The N Land National Scenic Trail, a hiking trail that stretches approximately iv,600 miles (7,400 km) from Crown Bespeak in eastern New York to Lake Sakakawea State Park in key North Dakota, passes through the park. It is the longest of the eleven National Scenic Trails and was designed to provide outdoor recreational opportunities in some of the America's outstanding landscapes.
Park activities include camping, hiking, biking, cantankerous-country skiing and kayaking. Park rangers offer over 400 naturalist outreach events each year including nature walks, evening campfire talks, snowshoe-edifice lessons, and geocaching. As function of the "I Can!" program for kids and families, the park provides a number of classes and guides to help with camping skills, boating, fishing, archery, and other activities.[five]
Brownish trout are taken in the Saint Louis River (some walleye and northern in slower stretches) and in Otter Creek. Brook trout are constitute in Silver and Otter creeks. There are ii dams on the Saint Louis River near the park; the Thomson Dam (near the northwest boundary) and the Addicted du Lac Dam (near the northeast boundary).
References [edit]
- ^ "Jay Cooke State Park". Geographic Names Information System. United States Geological Survey. 1980-01-11. Retrieved 2013-eleven-11 .
- ^ a b c d Ojakangas, Richard West.; Matsch, Charles Fifty. (1982). Minnesota'south Geology. Minneapolis: University of Minnesota Press. ISBN0-8166-0950-0.

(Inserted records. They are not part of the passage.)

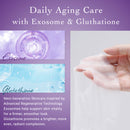 Advertisement for daily aging care with exosome and glutathione, featuring a hand applying cream.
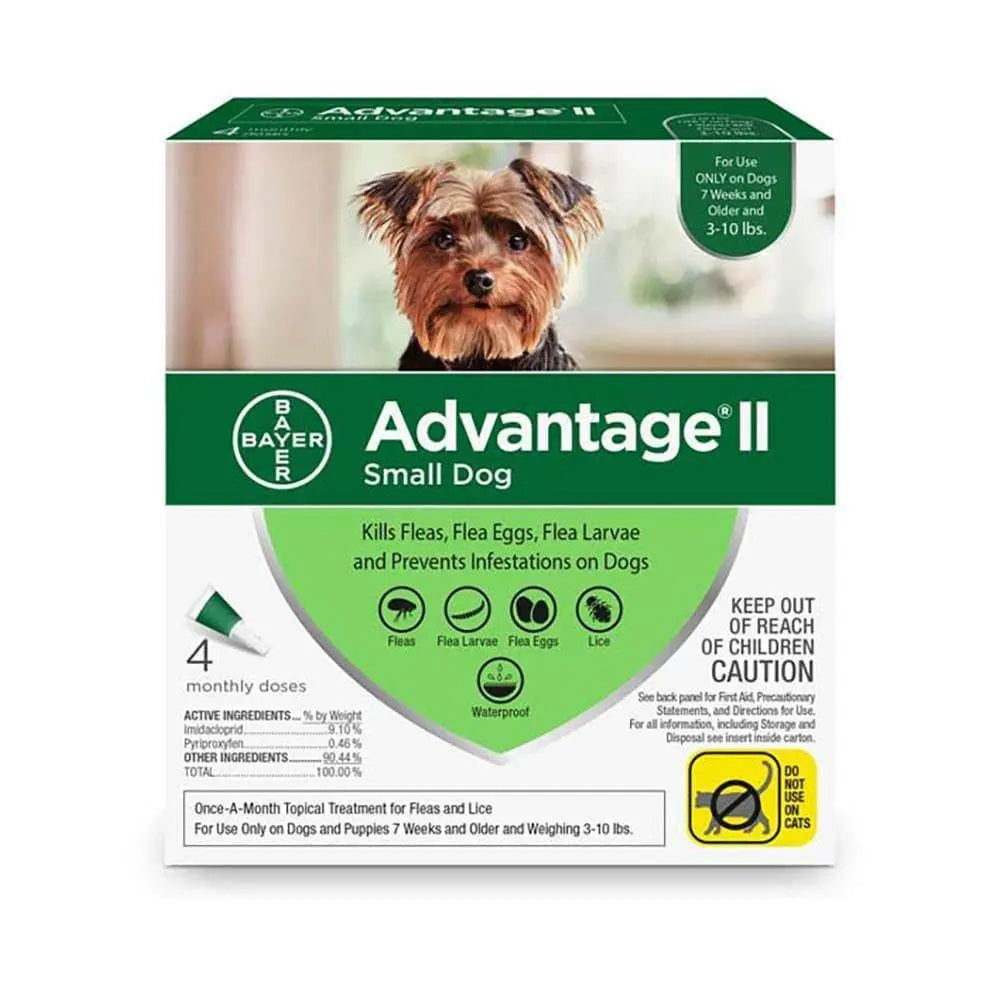 Advantage® II 4 - Dose Flea Treatment Solution for Small Dogs (3 - 10 Lbs)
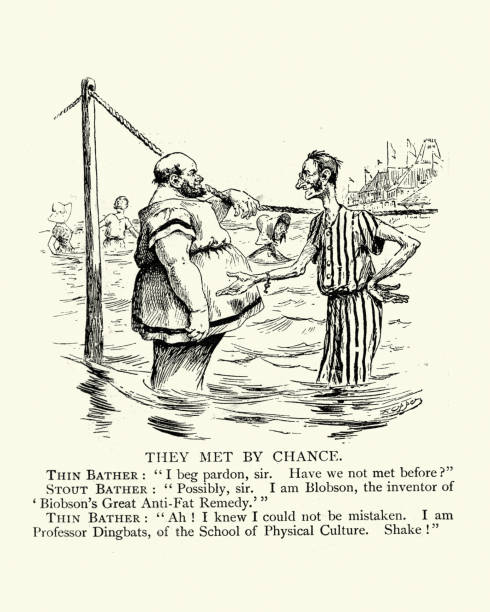 Fat and thin, they met by chance, Victorian satirical cartoon Vintage illustration of Fat and thin, they met by chance, Victorian satirical cartoon, 19th Century victorian swimwear stock illustrations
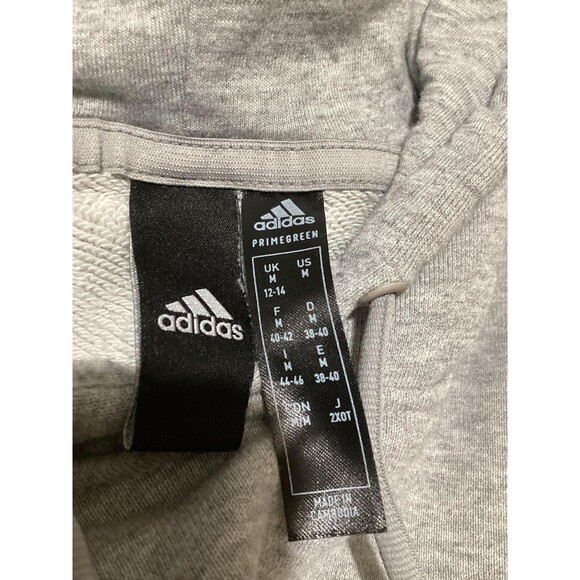 Adidas Hoodie Womens Medium Gray Primegreen Badge of Sport Logo Sweatshirt - Picture 4 of 6
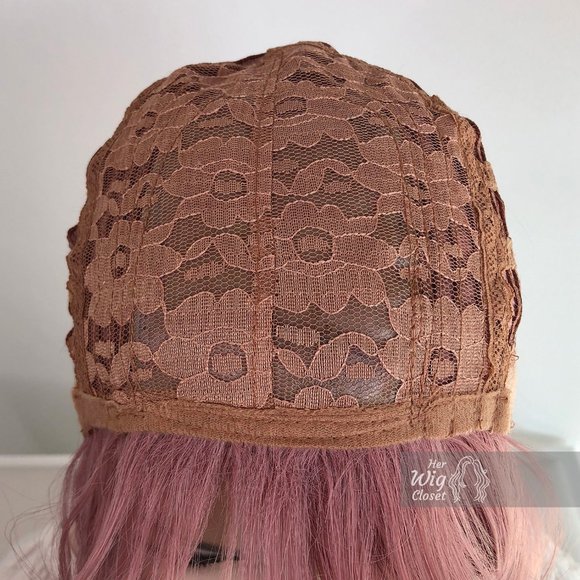 12" Dusty Rose Wavy Bob Wig with Bangs | Katy - Picture 7 of 10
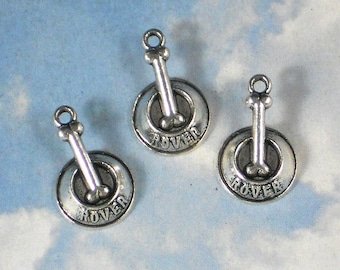 8 Dog Bone Rover Bowl Charms Antiqued Silver Tone (P295)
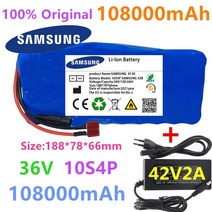 전기자전거 배터리 2021 원래 36v 10s4p100ah 팩 500w 고전력 42v, 삼성 dc-xt60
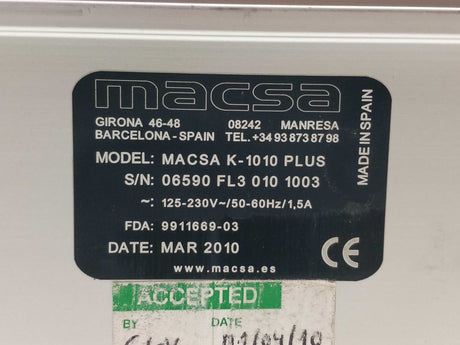 Macsa K-1010 Plus Laser system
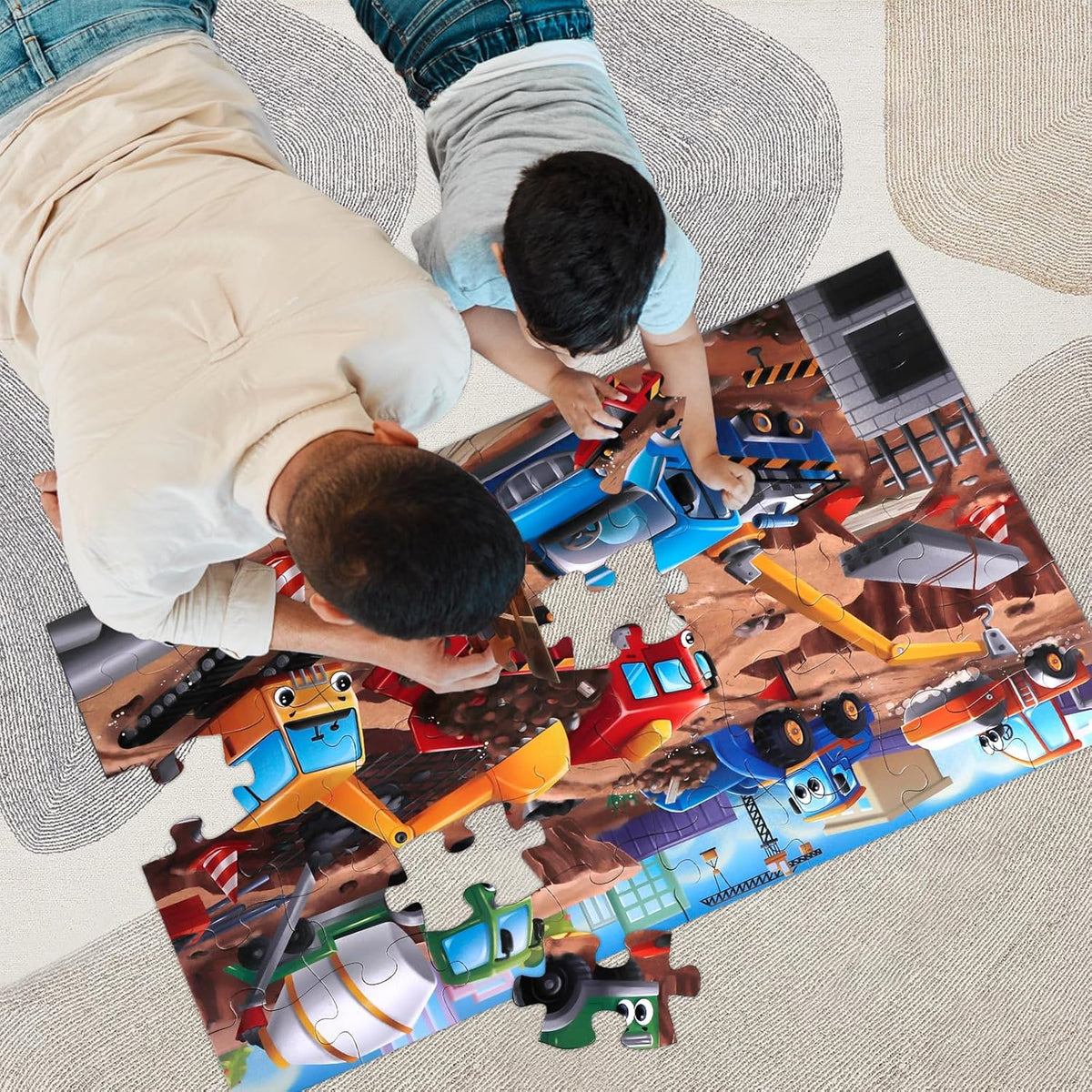 Jumbo Floor Puzzle for Kids,Construction Site Jigsaw Large Puzzles,48 Piece Construction Vehicle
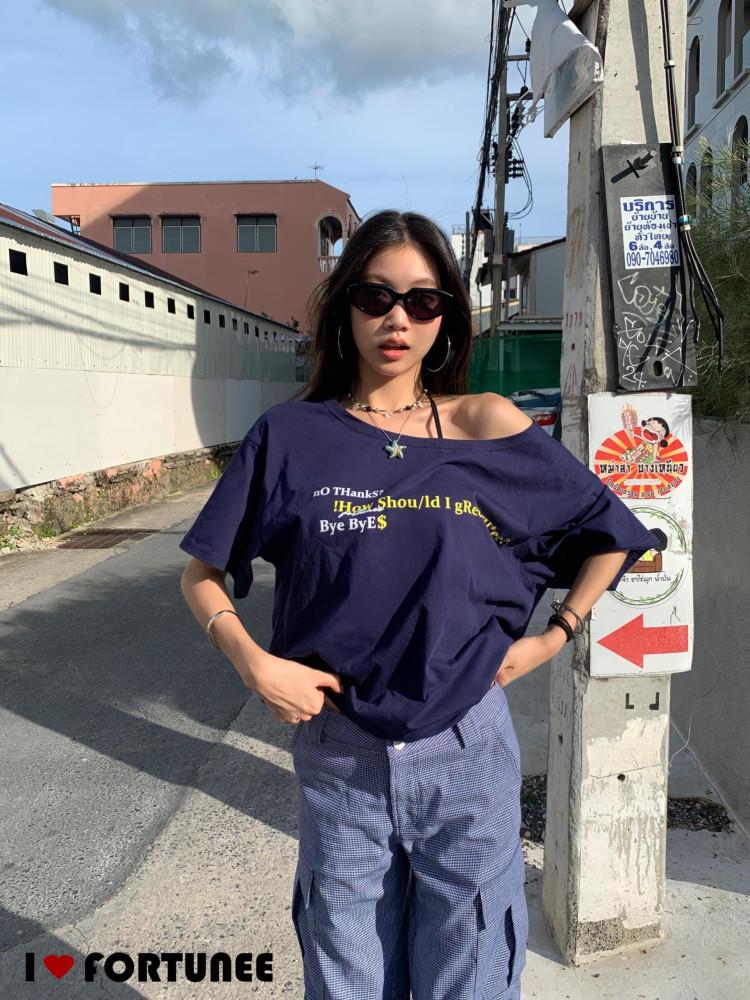 원숄더 루즈핏 레터링 반팔 티셔츠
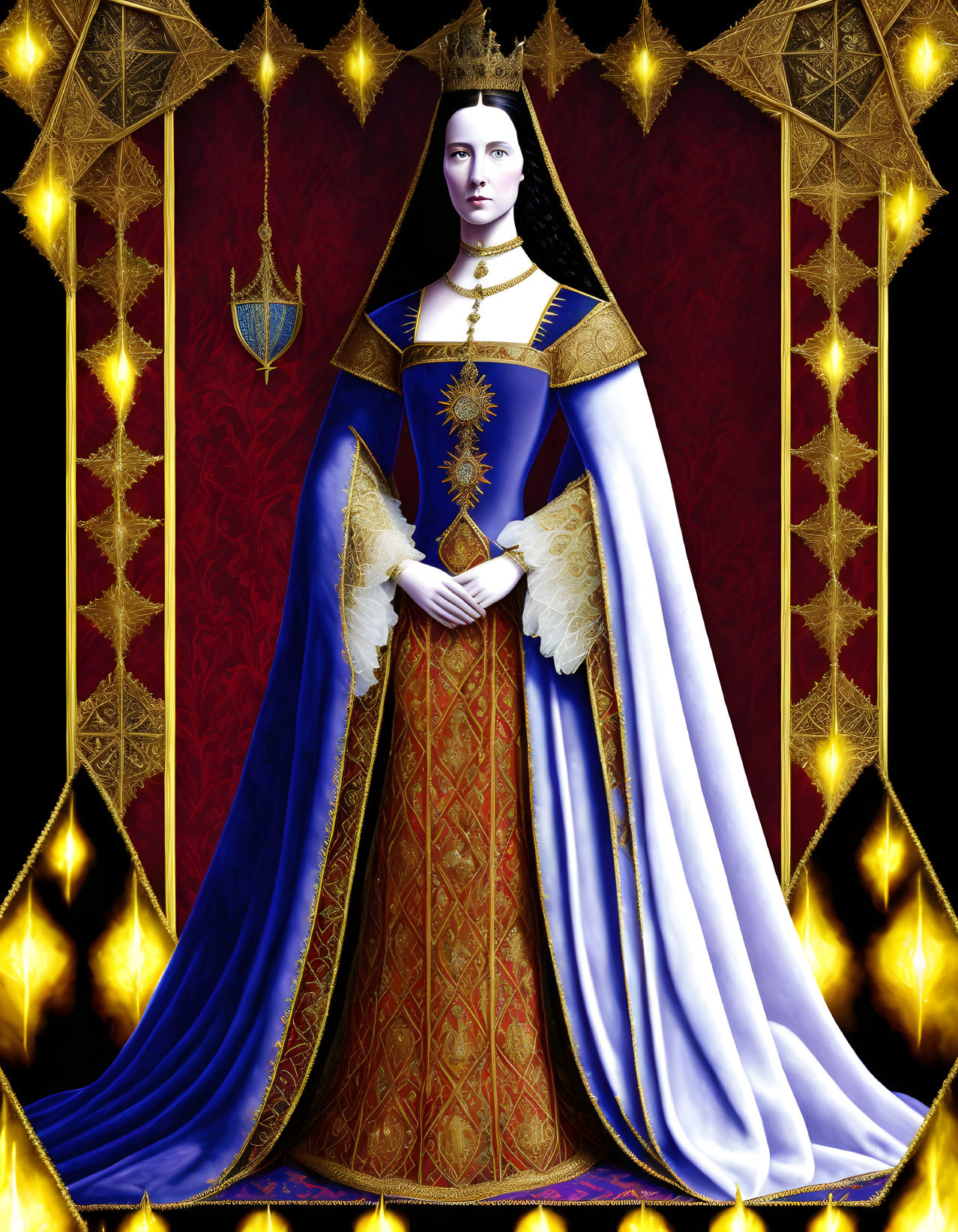 Regal Figure in Blue and Gold Medieval Attire with Stern Expression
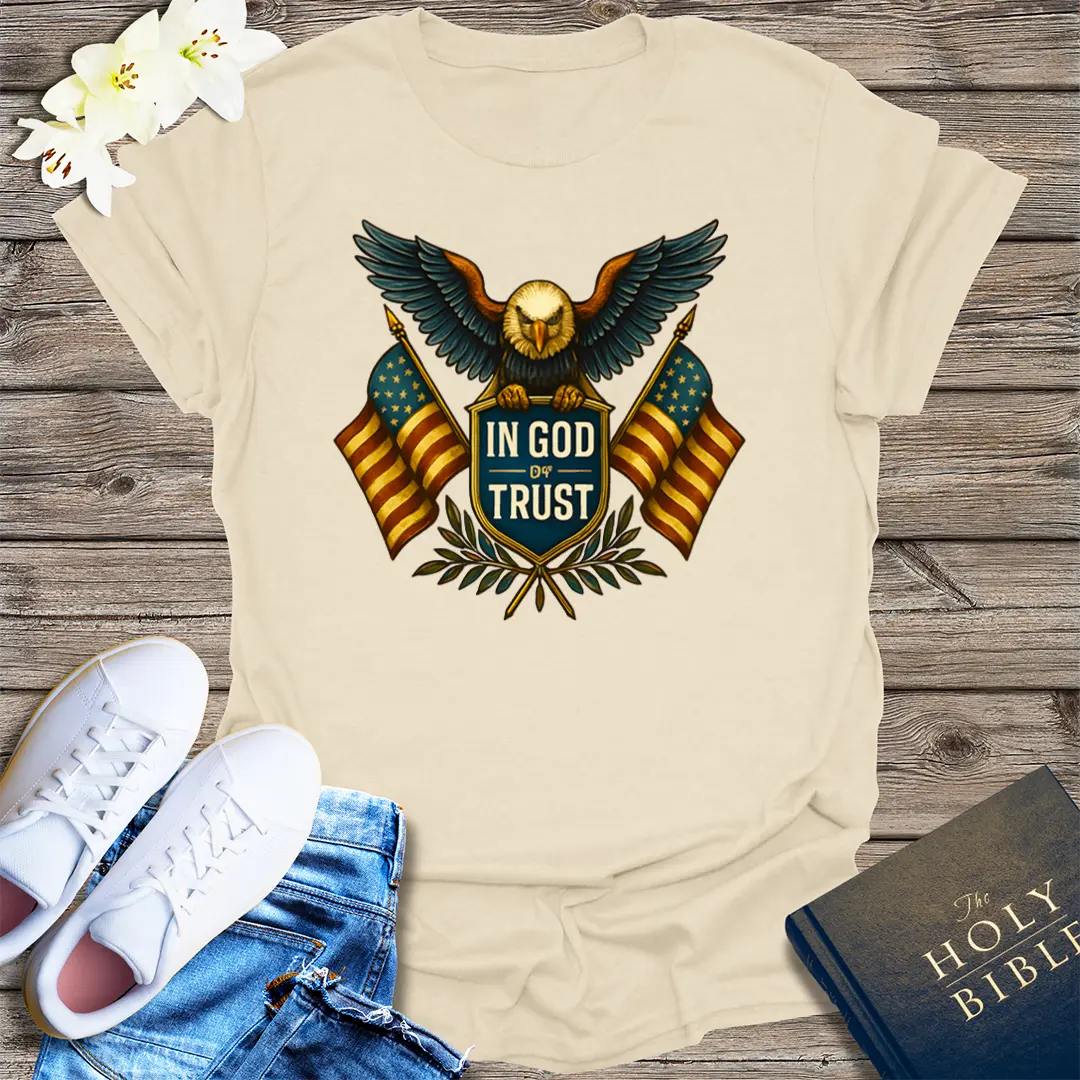 In God We Trust Eagle T-Shirt - Natural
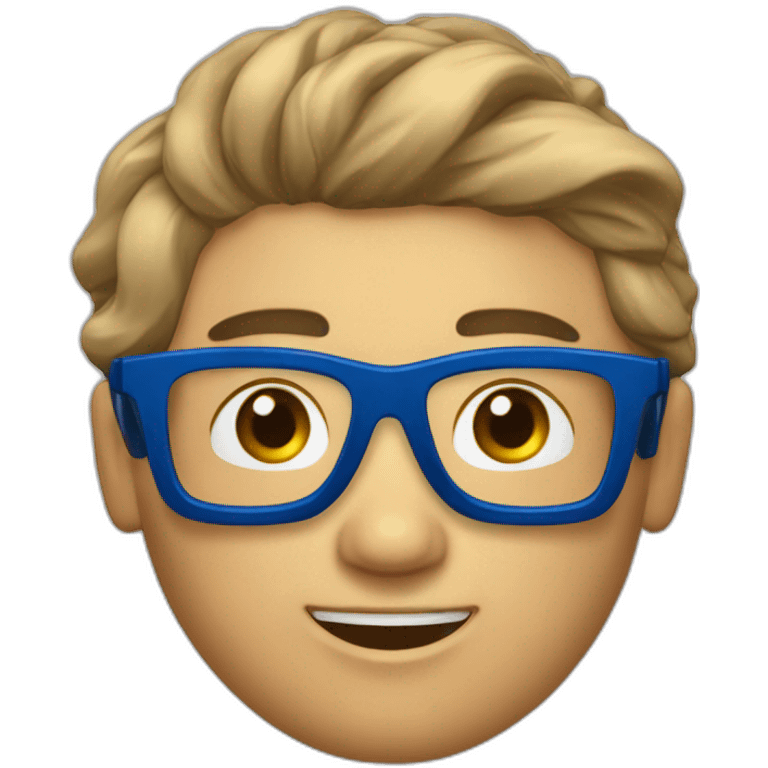 Un jeune homme avec les cheveux bleus et des lunettes de ski emoji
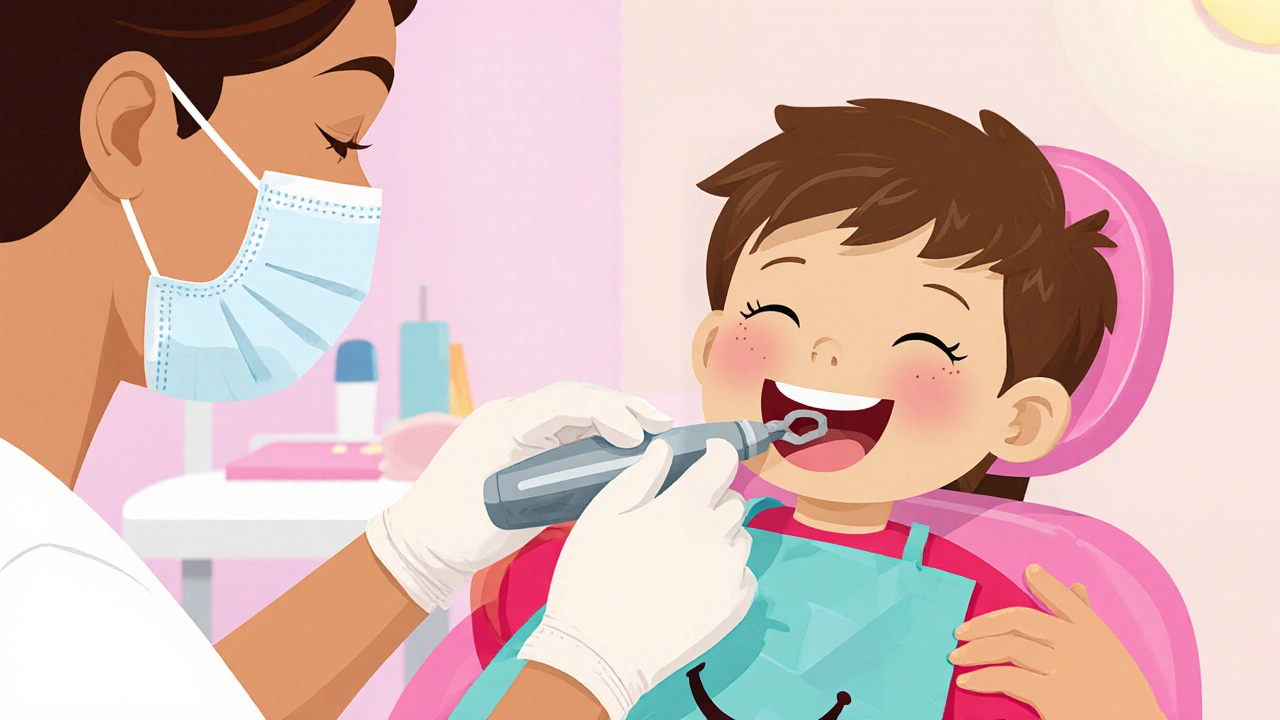 Dětský zubař odstraňuje zubní kámen ultrazvukovým přístrojem.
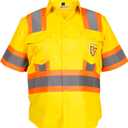 Premium Class 3 High Visibility Hi Vis Safety Shirt - Half Sleeve - 65% C35% N - 6 oz (X-Large, Yellow)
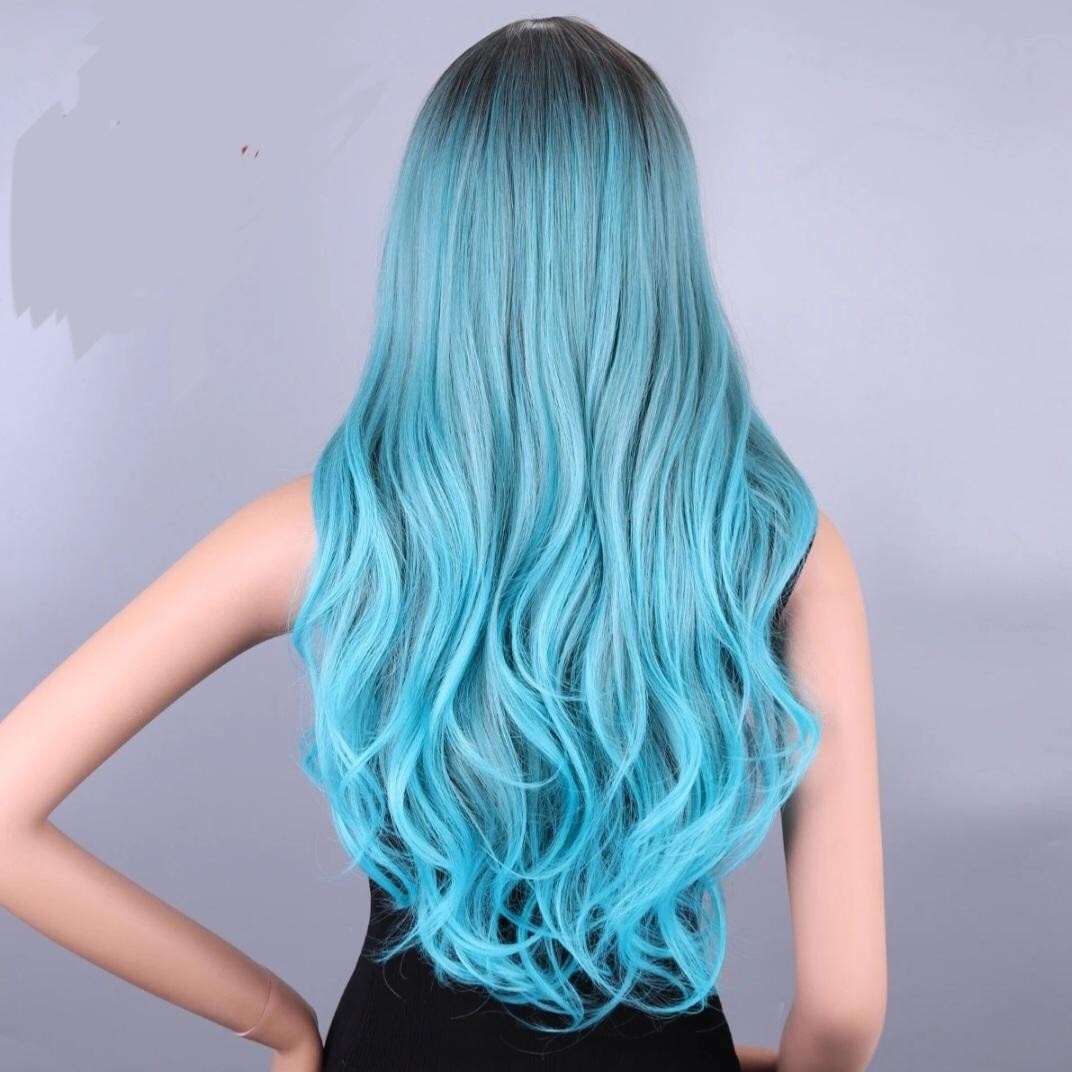 Syntetic Lace Wig 28 Inches Long Unisex Blue USA Free Shipping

- ^ Bewer, Tim (23 January 2007). Moon Handbooks: Minnesota. Avalon Travel Publishing. ISBN978-one-56691-927-2.
- ^ Kris Hiller (narrator, Park Naturalist). Jay Cooke (mp3) . Retrieved August 4, 2010.
- ^ a b Myers, John (11 June 2015). "Jay Cooke Land Park Turns 100". Duluth News Tribune. Retrieved 3 July 2015.
- ^ Peterson, Jana (2012-06-xx). "Epic flooding sweeps through Carlton County". Pino Journal. Cloquet, Minn. Archived from the original on 2013-01-31.
- ^ "Rustic Style Resources in Minnesota State Parks: Minneopa Country Park". Minnesota Historical Lodge. Retrieved 2013-xi-11 .
- ^ a b c d due east Ojakangas, Richard W. (2009). Roadside Geology of Minnesota. Missoula, Mont.: Mountain Printing Publishing Company. ISBN978-0-87842-562-4.
- ^ Luukkonen, Larry (2007), Between the Waters: Tracing the Northwest Trail from Lake Superior to the Mississippi, Duluth: Dovetailed Press, pp. 32–35, ISBN978-0-9765890-4-4
- ^ Lundy, John (9 June 2015). "Portion of G Portage trail rediscovered in Jay Cooke Land Park". Duluth News Tribune. Retrieved 4 July 2015.
- ^ a b c d e f one thousand h i Green, John C. (1996). Geology on Brandish: Geology and Scenery of Minnesota'due south North Shore Country Parks. St. Paul, Minn.: Minnesota Department of Natural Resource. ISBN0-9657127-0-2.
- ^ a b c Minnesota Department of Natural Resources (2013). "Jay Cooke State Park". Minnesota Department of Natural Resource. Retrieved 2013-10-13 .
- ^ a b c d Sansome, Constance J. (1983). Minnesota Underfoot: A Field Guide to the Country's Outstanding Geologic Features. Stillwater, Minn.: Voyageur Press. ISBN0-89658-036-9.
- ^ "Jay Cooke State Park" (PDF). State of Minnesota, Section of Natural Resources. May 2012. Retrieved 2013-10-13 .
- ^ "Duluth Brownstone Quarrying". Zenith Urban center Press. Retrieved 29 June 2015.
External links [edit]
- Jay Cooke Land Park official website
- An Ecology History of Oldenburg Point
- Vogel, Robert C.; David 1000. Stanley (1992). "Portage Trails in Minnesota, 1630s-1870s" (pdf). Multiple Property Documentation Form. U.s.a. Dept. of the Interior, Nat'l Park Service. Retrieved 2013-12-01 .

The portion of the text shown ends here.